[Scraped caption text data]
====================

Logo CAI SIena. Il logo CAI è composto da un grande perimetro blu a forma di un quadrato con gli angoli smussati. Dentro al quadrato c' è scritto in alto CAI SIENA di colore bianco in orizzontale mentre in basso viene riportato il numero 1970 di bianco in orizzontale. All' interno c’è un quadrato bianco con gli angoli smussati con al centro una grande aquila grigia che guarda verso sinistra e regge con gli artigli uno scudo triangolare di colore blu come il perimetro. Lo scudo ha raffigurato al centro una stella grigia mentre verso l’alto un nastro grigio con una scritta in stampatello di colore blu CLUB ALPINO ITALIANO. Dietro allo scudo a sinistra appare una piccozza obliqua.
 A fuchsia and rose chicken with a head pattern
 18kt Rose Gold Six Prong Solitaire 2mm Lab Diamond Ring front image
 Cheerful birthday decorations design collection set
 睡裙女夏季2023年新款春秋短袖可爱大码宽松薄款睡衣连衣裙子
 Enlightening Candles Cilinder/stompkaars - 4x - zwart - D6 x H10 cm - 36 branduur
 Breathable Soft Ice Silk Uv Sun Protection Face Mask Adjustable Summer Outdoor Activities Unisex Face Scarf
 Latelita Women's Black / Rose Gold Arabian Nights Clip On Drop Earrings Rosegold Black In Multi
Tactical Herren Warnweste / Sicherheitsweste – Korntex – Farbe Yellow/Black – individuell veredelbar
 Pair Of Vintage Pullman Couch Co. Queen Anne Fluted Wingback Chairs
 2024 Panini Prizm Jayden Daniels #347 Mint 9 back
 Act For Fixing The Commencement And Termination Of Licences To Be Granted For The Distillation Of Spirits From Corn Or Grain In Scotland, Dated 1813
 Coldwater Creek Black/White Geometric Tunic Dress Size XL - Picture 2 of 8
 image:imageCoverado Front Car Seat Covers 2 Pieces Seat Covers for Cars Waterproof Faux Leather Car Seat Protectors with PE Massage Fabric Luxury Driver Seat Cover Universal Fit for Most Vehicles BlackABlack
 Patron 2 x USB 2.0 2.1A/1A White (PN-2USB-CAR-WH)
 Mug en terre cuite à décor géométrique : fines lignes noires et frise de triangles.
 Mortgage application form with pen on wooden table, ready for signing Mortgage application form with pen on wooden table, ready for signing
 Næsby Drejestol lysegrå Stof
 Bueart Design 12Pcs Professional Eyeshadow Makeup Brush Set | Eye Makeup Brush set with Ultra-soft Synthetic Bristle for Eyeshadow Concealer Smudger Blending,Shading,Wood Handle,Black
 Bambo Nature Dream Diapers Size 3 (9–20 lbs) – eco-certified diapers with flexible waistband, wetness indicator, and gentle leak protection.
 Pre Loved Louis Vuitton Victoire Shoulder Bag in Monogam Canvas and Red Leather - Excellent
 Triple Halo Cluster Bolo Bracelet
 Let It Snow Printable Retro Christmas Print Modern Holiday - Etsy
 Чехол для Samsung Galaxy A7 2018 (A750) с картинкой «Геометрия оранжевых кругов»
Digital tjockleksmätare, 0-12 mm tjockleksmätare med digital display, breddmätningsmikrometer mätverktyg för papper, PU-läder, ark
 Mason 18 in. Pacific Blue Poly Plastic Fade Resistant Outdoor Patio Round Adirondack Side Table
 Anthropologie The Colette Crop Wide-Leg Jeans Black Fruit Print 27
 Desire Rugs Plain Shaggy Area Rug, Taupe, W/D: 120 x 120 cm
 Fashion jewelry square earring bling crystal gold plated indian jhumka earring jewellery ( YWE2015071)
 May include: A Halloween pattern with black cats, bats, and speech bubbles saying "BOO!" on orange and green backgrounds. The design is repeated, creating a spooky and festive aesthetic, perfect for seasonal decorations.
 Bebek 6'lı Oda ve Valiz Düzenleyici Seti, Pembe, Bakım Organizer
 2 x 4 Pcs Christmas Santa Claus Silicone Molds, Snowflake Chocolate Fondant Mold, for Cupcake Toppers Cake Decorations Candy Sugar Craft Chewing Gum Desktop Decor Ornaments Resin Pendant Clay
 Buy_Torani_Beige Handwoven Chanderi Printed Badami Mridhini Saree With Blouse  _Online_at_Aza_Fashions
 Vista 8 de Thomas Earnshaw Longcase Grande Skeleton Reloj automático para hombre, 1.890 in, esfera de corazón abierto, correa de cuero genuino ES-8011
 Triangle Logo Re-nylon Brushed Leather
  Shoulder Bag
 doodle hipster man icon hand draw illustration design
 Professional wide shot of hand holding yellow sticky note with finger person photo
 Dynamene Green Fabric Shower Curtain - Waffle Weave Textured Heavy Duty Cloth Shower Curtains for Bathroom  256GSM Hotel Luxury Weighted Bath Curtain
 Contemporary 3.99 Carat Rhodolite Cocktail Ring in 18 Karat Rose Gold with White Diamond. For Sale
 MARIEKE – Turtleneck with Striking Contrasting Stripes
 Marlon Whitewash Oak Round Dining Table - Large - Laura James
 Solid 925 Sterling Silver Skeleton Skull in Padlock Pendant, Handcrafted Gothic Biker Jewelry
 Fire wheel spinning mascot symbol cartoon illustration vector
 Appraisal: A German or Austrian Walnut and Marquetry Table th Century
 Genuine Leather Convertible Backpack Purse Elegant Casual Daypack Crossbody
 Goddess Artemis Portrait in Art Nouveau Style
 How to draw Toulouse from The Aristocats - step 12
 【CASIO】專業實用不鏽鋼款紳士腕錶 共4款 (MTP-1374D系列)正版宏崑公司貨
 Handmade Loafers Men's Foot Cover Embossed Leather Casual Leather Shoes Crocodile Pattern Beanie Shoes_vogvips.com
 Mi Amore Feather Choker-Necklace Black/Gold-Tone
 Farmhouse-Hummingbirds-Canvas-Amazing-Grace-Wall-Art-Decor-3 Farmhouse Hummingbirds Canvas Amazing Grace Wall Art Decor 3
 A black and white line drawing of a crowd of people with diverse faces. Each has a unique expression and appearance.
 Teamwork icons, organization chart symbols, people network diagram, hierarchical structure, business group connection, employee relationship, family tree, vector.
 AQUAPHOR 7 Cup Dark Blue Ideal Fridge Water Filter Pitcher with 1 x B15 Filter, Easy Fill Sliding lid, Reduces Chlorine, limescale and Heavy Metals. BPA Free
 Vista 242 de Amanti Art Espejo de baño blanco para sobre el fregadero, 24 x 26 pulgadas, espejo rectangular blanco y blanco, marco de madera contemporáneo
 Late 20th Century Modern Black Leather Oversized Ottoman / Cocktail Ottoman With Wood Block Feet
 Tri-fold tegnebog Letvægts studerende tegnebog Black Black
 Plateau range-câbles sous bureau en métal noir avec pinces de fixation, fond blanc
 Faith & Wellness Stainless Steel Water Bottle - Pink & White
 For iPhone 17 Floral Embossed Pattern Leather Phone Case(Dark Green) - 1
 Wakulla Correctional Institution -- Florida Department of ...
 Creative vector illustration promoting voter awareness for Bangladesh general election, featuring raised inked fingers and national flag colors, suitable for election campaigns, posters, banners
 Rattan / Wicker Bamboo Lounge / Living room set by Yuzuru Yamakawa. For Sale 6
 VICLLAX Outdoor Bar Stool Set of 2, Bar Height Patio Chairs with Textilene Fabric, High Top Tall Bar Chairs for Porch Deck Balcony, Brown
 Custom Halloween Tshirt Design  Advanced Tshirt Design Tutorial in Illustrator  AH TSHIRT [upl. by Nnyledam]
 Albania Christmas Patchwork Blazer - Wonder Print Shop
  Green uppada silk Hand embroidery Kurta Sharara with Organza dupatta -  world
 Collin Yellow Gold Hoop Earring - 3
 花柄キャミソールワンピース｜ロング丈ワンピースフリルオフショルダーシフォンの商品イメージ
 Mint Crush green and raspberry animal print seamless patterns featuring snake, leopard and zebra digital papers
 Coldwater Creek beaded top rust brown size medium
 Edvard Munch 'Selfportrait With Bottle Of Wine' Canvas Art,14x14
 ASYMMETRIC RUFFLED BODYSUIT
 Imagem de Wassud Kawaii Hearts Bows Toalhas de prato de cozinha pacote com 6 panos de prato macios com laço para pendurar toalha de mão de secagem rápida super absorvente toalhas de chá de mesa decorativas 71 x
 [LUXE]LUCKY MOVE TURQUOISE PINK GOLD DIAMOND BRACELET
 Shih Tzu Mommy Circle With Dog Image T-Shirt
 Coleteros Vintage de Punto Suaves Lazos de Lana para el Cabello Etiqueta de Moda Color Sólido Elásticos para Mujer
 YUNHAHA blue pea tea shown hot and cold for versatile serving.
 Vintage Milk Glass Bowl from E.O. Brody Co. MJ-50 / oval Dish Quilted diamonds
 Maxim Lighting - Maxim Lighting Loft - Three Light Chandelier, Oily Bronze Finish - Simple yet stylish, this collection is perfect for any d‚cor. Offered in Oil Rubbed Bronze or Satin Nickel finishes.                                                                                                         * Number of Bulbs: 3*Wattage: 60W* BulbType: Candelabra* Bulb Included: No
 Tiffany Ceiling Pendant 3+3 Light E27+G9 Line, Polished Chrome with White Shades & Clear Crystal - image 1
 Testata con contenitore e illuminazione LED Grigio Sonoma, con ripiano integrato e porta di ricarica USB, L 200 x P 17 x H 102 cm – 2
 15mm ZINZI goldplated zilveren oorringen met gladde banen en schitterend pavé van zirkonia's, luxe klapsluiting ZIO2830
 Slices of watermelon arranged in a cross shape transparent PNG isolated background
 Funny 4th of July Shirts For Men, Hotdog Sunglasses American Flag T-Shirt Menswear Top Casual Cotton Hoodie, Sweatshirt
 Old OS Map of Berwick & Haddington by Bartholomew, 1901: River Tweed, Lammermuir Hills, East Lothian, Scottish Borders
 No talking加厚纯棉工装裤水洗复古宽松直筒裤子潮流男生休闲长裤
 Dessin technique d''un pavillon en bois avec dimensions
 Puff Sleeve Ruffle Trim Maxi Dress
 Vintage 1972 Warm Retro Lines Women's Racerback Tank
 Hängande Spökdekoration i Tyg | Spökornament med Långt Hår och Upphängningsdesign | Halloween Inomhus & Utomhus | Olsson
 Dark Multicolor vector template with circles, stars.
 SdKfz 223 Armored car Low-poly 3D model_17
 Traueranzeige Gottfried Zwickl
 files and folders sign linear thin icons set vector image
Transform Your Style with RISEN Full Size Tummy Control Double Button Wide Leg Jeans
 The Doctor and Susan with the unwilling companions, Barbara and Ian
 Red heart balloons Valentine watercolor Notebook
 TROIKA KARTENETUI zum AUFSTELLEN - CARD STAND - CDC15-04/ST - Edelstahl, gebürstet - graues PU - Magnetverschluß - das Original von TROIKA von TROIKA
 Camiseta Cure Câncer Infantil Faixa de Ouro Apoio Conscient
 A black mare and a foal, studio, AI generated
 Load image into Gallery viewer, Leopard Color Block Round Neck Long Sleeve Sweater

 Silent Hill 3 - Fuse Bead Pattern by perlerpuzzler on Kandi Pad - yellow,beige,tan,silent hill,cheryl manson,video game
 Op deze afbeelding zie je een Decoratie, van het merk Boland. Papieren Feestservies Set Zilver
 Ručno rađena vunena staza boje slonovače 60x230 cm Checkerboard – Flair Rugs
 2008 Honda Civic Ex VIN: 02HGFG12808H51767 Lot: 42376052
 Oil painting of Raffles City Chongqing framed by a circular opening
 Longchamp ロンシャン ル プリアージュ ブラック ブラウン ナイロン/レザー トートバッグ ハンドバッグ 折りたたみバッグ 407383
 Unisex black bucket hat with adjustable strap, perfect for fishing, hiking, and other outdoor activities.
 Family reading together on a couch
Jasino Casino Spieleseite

====================

- _Directions_
Using the records above, restate word for word the lines from the one with "Triple Halo Cluster Bolo Bracelet" through the one with "May include: A", both included.

- _Result of this task_
 Triple Halo Cluster Bolo Bracelet
 Let It Snow Printable Retro Christmas Print Modern Holiday - Etsy
 Чехол для Samsung Galaxy A7 2018 (A750) с картинкой «Геометрия оранжевых кругов»
Digital tjockleksmätare, 0-12 mm tjockleksmätare med digital display, breddmätningsmikrometer mätverktyg för papper, PU-läder, ark
 Mason 18 in. Pacific Blue Poly Plastic Fade Resistant Outdoor Patio Round Adirondack Side Table
 Anthropologie The Colette Crop Wide-Leg Jeans Black Fruit Print 27
 Desire Rugs Plain Shaggy Area Rug, Taupe, W/D: 120 x 120 cm
 Fashion jewelry square earring bling crystal gold plated indian jhumka earring jewellery ( YWE2015071)
 May include: A Halloween pattern with black cats, bats, and speech bubbles saying "BOO!" on orange and green backgrounds. The design is repeated, creating a spooky and festive aesthetic, perfect for seasonal decorations.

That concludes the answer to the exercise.